ABA Journal: Business-method and software patents may go through the looking glass after Alice decision, by Steven Seidenberg
This article originally appeared in ABA Journal on January 29, 2015.
Few U.S. Supreme Court rulings have been embraced so enthusiastically. As soon as the court handed down its decision in Alice Corp. v. CLS Bank last June, lower courts and the U.S. Patent and Trademark Office began displaying a new, marked hostility toward software and business-method patents. They are now striking down these patents in record numbers and denying applications that would previously have been granted. It is basically open season on these patents.

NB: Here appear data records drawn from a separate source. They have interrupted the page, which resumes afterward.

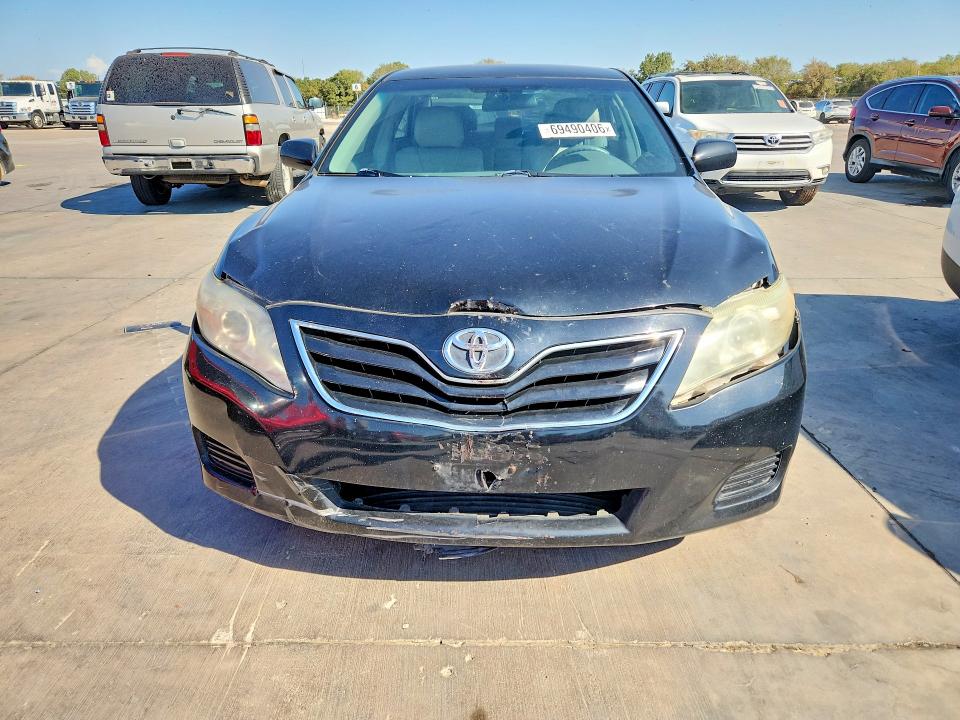 69490406 :رقم المزاد ، 4T4BF3EKXBR180958 vin ، 2011 Toyota Camry مزاد بيع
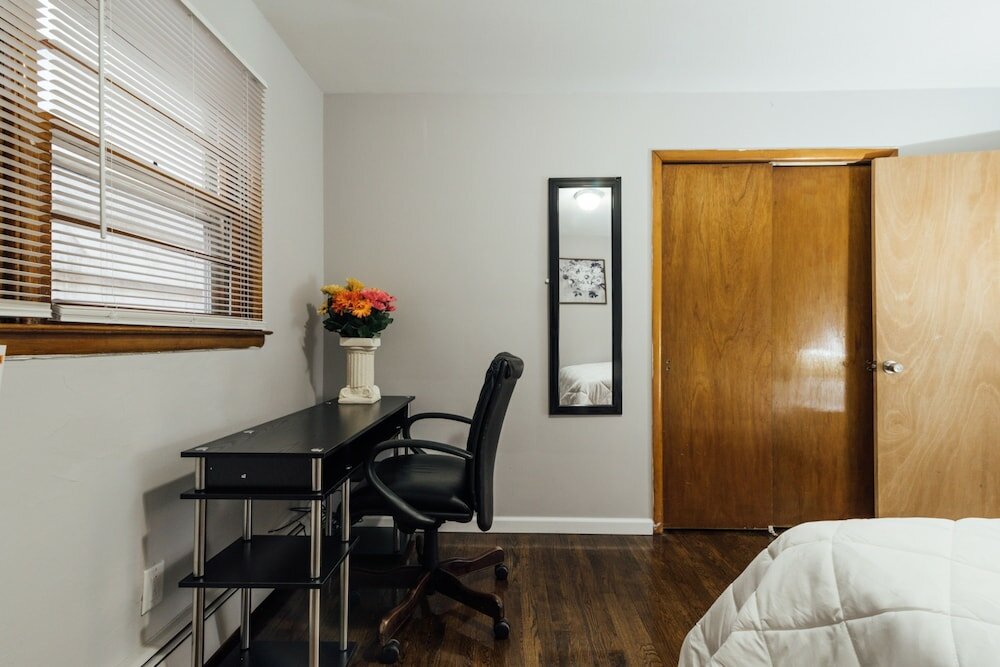 Фото 3 Bedroom near Journal Square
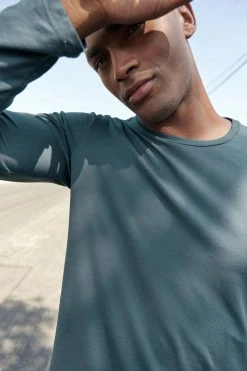 Velvet By Graham & Spencer SKEETER WHISPER CLASSIC CREW NECK TEE Mens 45 Velvet By Graham & Spencer SKEETER WHISPER CLASSIC CREW NECK TEE Mens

“After Alice came down, some feared that almost all software-related patents would be held invalid. It looks like that is happening. Since the decision, district courts have uniformly knocked down those patents. But what may be more interesting is that business-method patents are going down in droves,” says Rochelle C. Dreyfuss, a law professor at New York University and co-director of the Engelberg Center on Innovation Law & Policy.
“It’s a new world order in the aftermath of Alice,” says Dale S. Lazar, a partner in DLA Piper’s Reston, Virginia, office.
In Alice, the justices toughened the rules for deciding which inventions are eligible to be patented. The court unanimously declared that in order to be deemed patent-eligible subject matter, an invention must pass a two-step inquiry: First, does the invention consist in significant part of a patent-ineligible concept—for example, a law of nature, natural phenomenon or abstract idea? If so, the invention is patent-eligible only if the remaining parts of the invention have an “inventive concept”—one or more elements that ensure a patent on the invention amounts in practice “to significantly more than a patent upon the ineligible concept itself.”
The invention at issue in Alice was a computerized method to perform electronic escrow for online transactions. The court found the patent on this invention claimed the abstract idea of escrow, which was patent-ineligible. The remainder of the invention, performing the escrow on a general purpose computer, was not sufficient to provide an inventive concept.
“A mere instruction to implemen[t]” an abstract idea “on … a computer … cannot impart patent eligibility,” the court stated. Finding that the invention consisted of patent-ineligible subject matter, the court struck down the patents on the invention.